[Royal Institution embossed letterhead] | R Institution | 5 Mar 1859
Dear Sir
I cannot remember the words I used on the occasion referred to2 & how much one part was qualified by another but I can tell you what my present thought is[.] That amount of inductive force which is occupied for the time in charging the near part of the wire is taken off so to say from the wire & makes it go slower than if there was no lateral induction. The larger the wire with the same thickness of the surrounding gutta percha the greater the conduction & therefore the reduction of the forward tension[.] But as a large wire facilitates conduction in proportion to its mass whether in air water or gutta percha so a large wire must as respect[s] conduction be better than a small one only respect must be had to the conduction effect.

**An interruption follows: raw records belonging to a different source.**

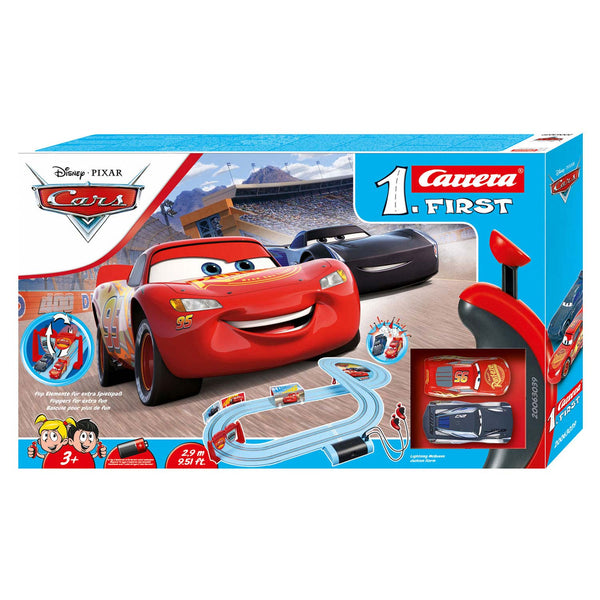 Carrera First Disney Cars Racebaan 290 cm + 2 Auto&#039;s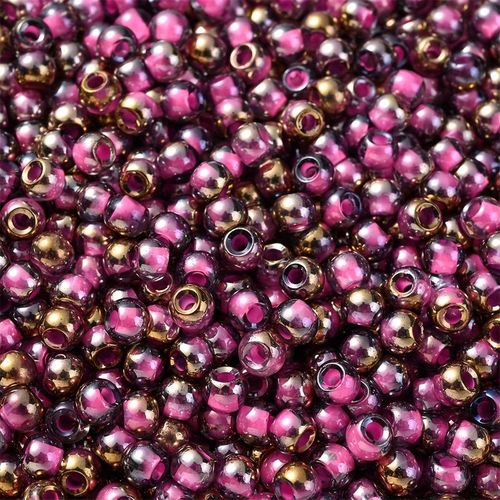 Seedbeads, rosa, 4mm - 100p
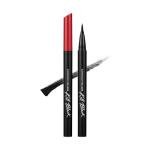 CLIO Superproof Pen Liquid Eyeliner, Ultra Precision Sponge Tip, One Stroke High Pigment Color, Waterproof Smudge Proof Long Wear, Fast Dry Formula, Sharp Wing Tightline Definition (001 Black)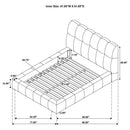 Nollet - Upholstered Platform Bed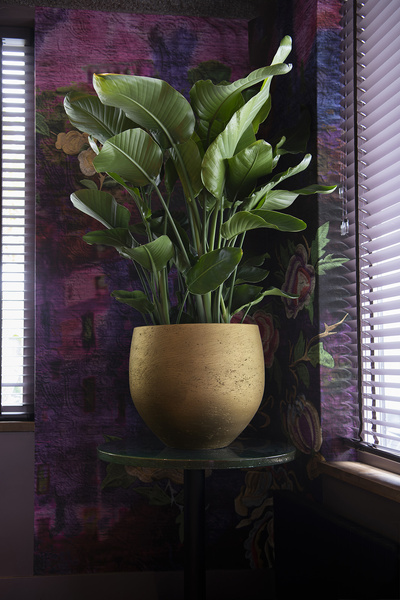 Mini Orb M 25/21 złota doniczka kulista metalik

My expectation is that as the induction is as the surface of the wire but the conduction as the square of the surface ie as the mass so the large wire as a whole will have less proportional induction compared to conduction than the small one.
As to giving opinions on or making observations on your paper & the controverted points referred to in it I must decline that being always anxious to avoid controversial matter. You are quite able to hold your own there3[.]
Ever Truly Yours | M. Faraday
S.A. Varley Esq | &c &c &c
VARLEY, Samuel Alfred (1858): “On the Electrical Qualifications requisite in Long Submarine Telegraph Cables”, Min. Proc. Inst. Civ. Eng., 17: 368-85.